Missbrauchsskandal: Rücktrittsforderungen gegen Oberhaupt der anglikanischen Kirche
Nach Enthüllungen über einen Missbrauchsskandal in der anglikanischen Kirche in England gerät deren Oberhaupt Justin Welby zunehmend unter Druck. Drei Mitglieder der englischen Generalsynode starteten eine Petition, in der sie den Rücktritt des Erzbischofs von Canterbury fordern.
Hintergrund ist ein Untersuchungsbericht zu einem "abscheulichen" Missbrauchsskandal in den 1970er und 80er Jahren. Die Kirche habe wiederholt versäumt, gegen die Taten des Anwalts John Smyth vorzugehen, der Sommerlager der Kirche organisierte und bis zu 130 Jungen und junge Männer missbraucht haben soll, hieß es in dem Bericht.
Die Untersuchung kam zu dem Schluss, dass Welby den Missbrauch den Behörden hätte melden "können und müssen", als er im Jahr 2013 erstmals davon erfahren habe. Smyth starb 2018 im Alter von 75 Jahren in Südafrika. Die britische Polizei leitete zwar Ermittlungen gegen ihn ein, er wurde aber nie strafrechtlich belangt. Der Skandal kam 2017 durch eine Dokumentation des Senders Channel 4 ans Licht.
Welby hatte in der vergangenen Woche gesagt, er bedauere die Missbrauchsfälle zutiefst. Er habe vor seinem Amtsantritt als Bischof im Jahr 2013 aber nichts davon gewusst. Dem Sender Channel 4 sagte Welby, er habe einen Rücktritt erwogen, sich aber dagegen entschieden. "Wenn ich vor 2013 davon gewusst hätte oder Anlass für einen Verdacht gehabt hätte, wäre das damals wie heute ein Grund für einen Rücktritt gewesen. Aber das habe ich nicht."
Die Initiatoren der Petition argumentieren dagegen, das Oberhaupt der anglikanischen Kirche sei seiner "persönlichen und moralischen Verantwortung", den Missbrauchsfällen weiter nachzugehen, nicht nachgekommen. Er sei daher nicht länger als Erzbischof von Canterbury tragbar.

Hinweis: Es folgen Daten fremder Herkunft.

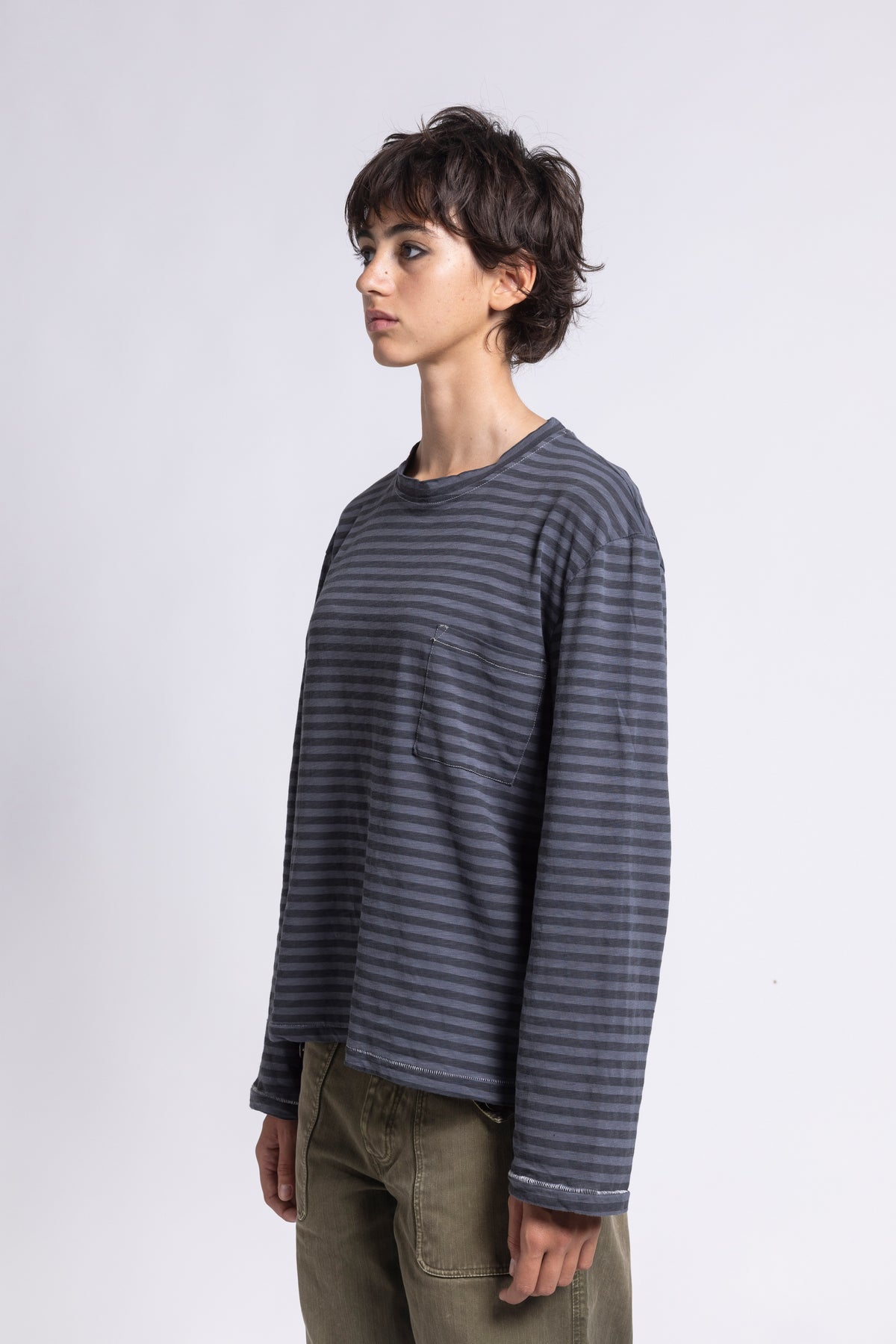 STRIPED SINGLE-STITCH SLUB LONGSLEEVE – GREY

Bis Montagmorgen wurde die Petition von mehr als 1600 Unterstützern unterzeichnet. Auch mehrere Priester gingen auf Distanz zu Welby. Der Pfarrer der St. Anne's Church im Südwesten Londons, Giles Fraser, sagte der BBC, der Erzbischof habe das Vertrauen "vieler seiner Bischöfe verloren".